_Stored records_:
───

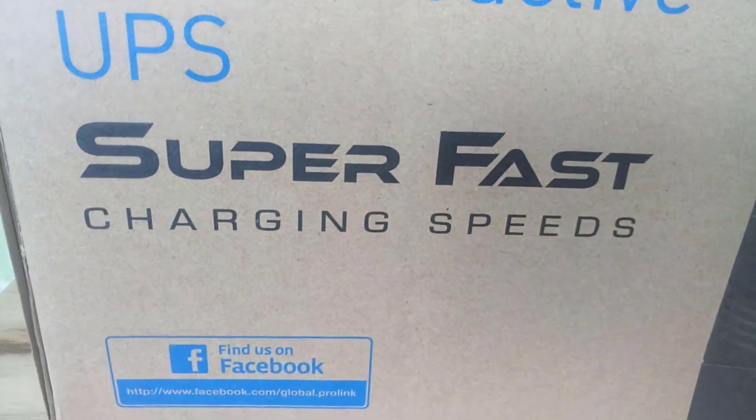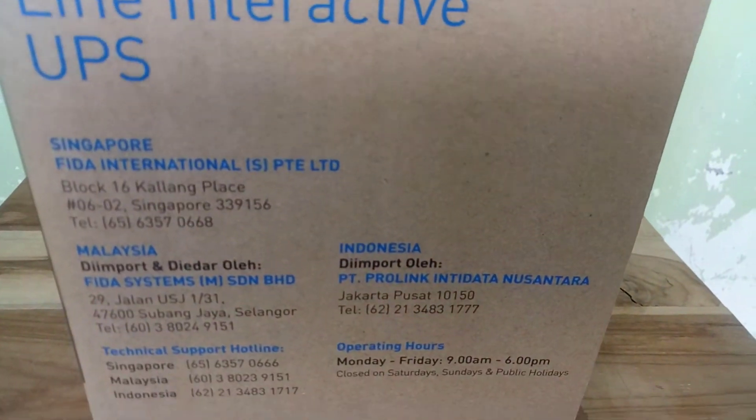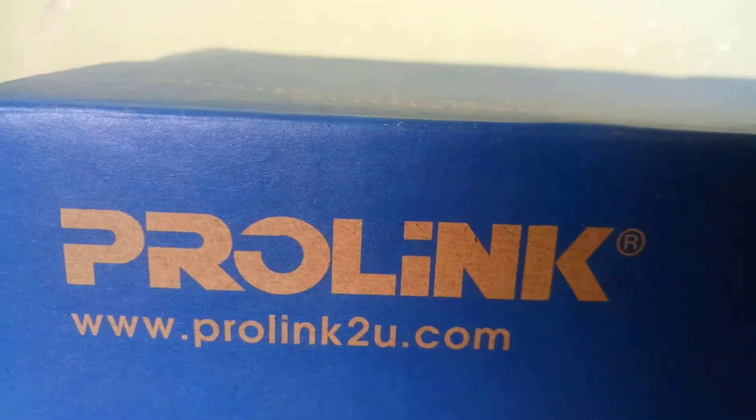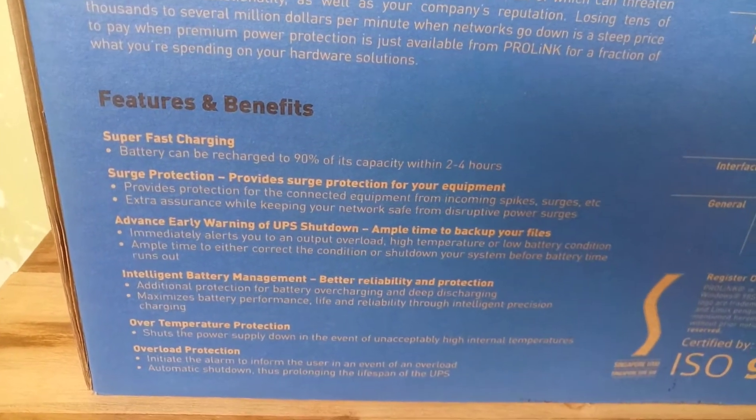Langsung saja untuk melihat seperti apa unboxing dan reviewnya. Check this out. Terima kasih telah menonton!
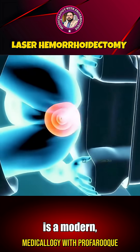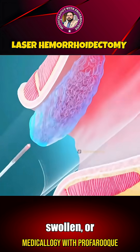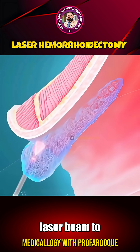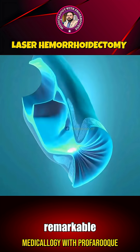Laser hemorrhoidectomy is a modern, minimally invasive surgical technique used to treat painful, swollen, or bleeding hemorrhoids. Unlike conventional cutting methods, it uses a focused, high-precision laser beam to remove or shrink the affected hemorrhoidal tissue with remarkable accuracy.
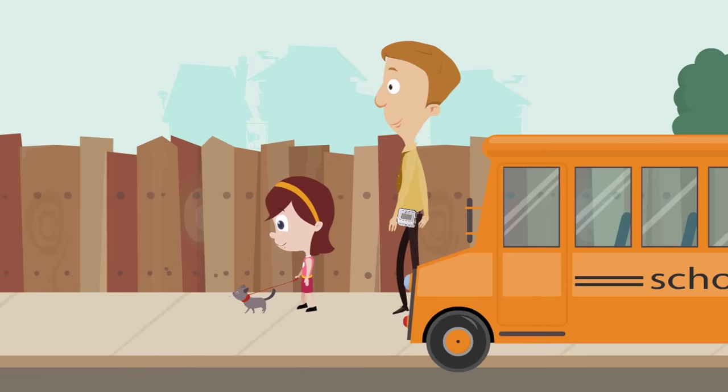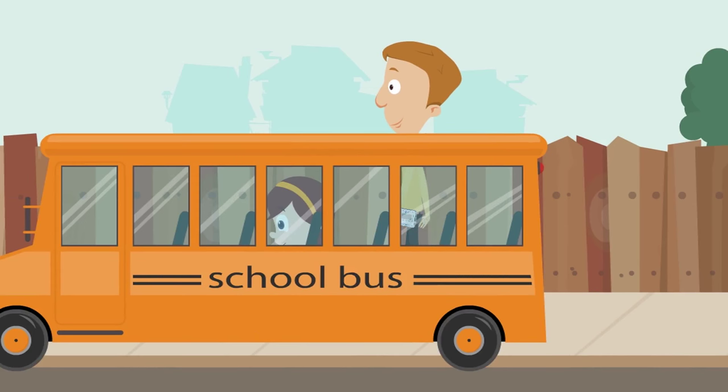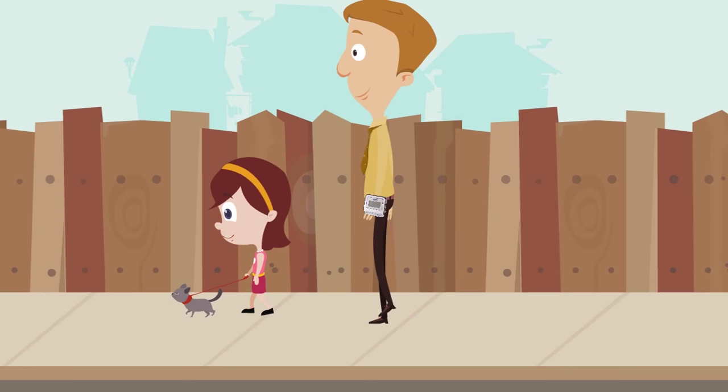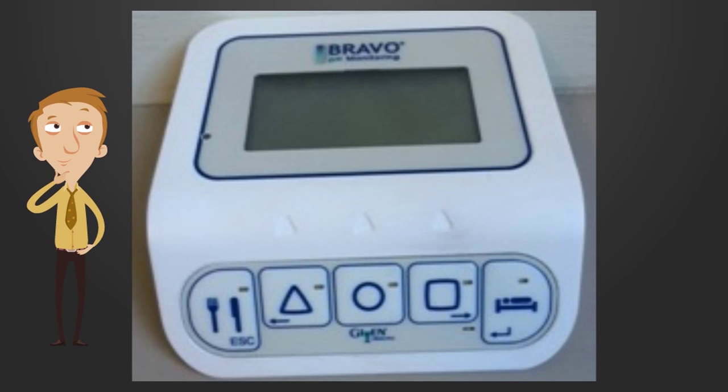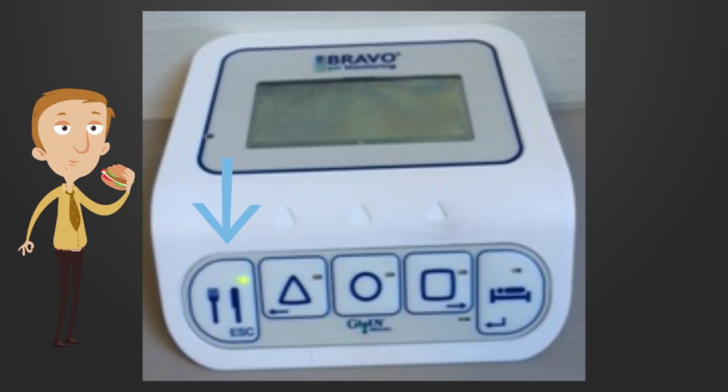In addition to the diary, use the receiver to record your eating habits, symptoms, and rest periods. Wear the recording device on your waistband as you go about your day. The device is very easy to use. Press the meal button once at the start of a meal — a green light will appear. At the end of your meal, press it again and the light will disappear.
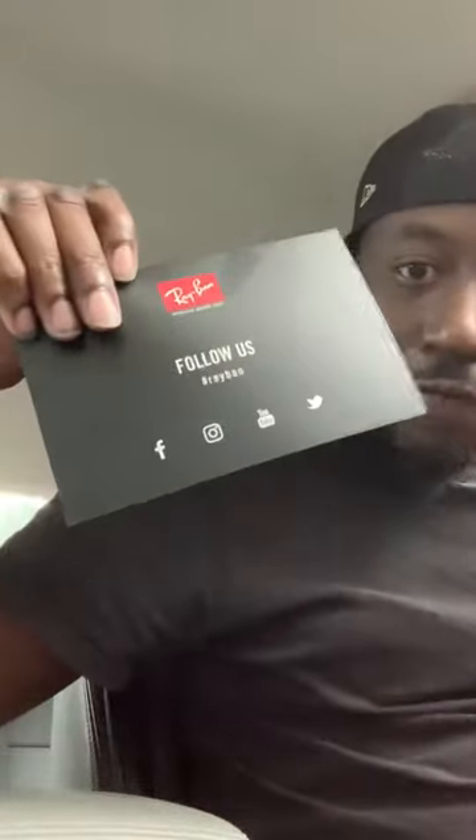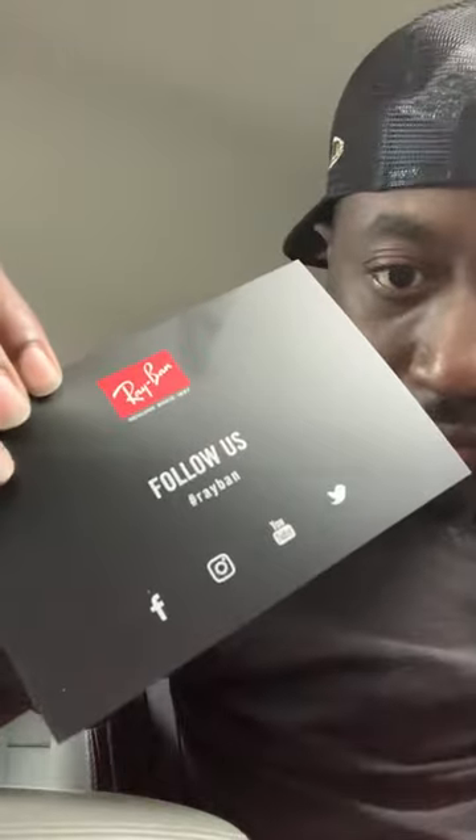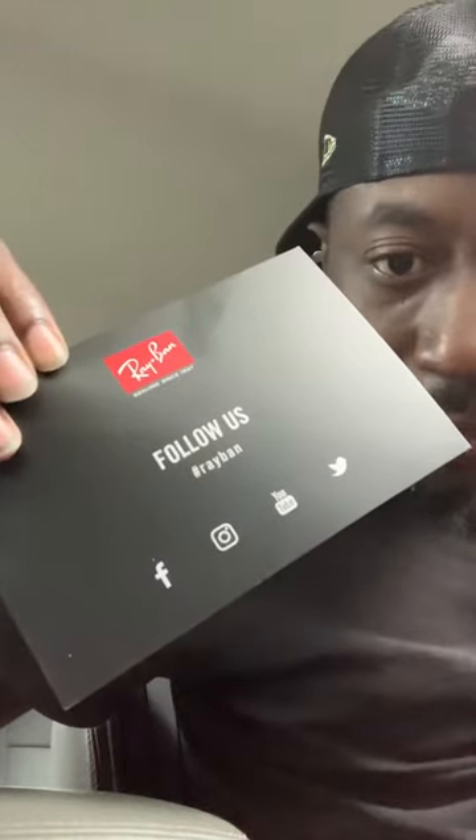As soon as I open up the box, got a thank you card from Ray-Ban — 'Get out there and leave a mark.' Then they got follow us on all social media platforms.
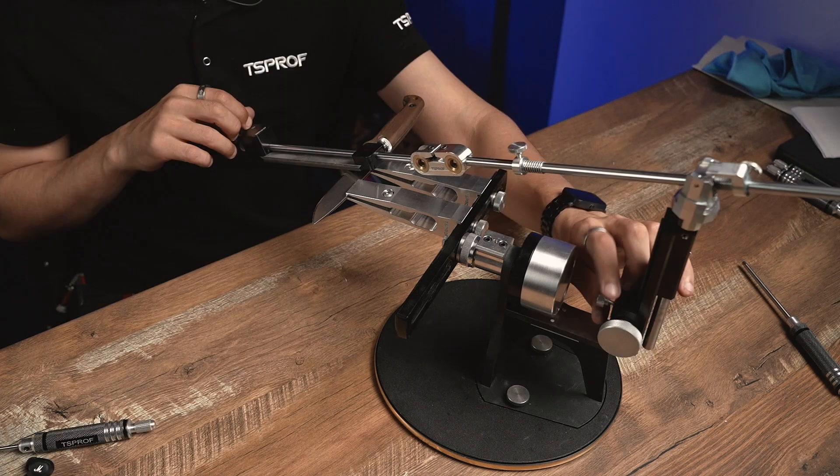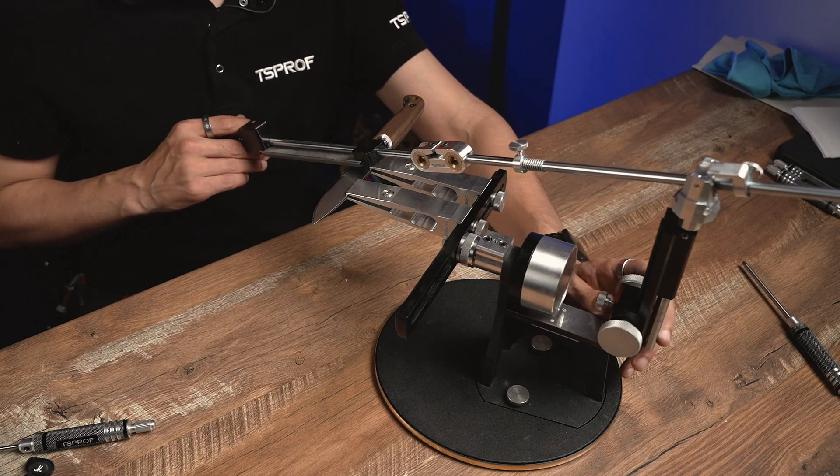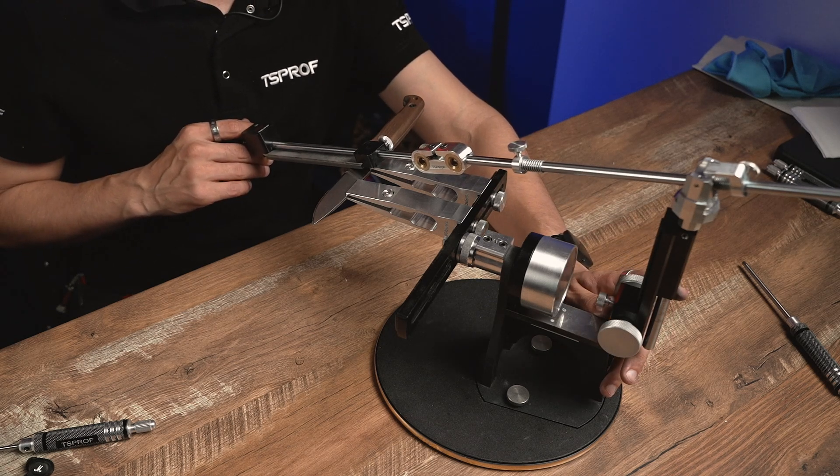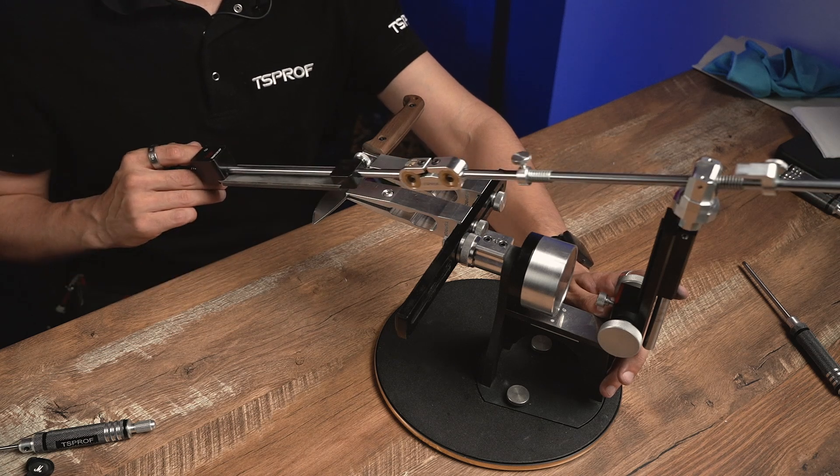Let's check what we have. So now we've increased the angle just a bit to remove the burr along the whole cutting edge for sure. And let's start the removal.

───

_Required action_:
Leave out any pictures and return exactly the lines from the beginning of the data through the line with "Laser hemorrhoidectomy is", inclusive.

_Solution_:
Langsung saja untuk melihat seperti apa unboxing dan reviewnya. Check this out. Terima kasih telah menonton!
Laser hemorrhoidectomy is a modern, minimally invasive surgical technique used to treat painful, swollen, or bleeding hemorrhoids. Unlike conventional cutting methods, it uses a focused, high-precision laser beam to remove or shrink the affected hemorrhoidal tissue with remarkable accuracy.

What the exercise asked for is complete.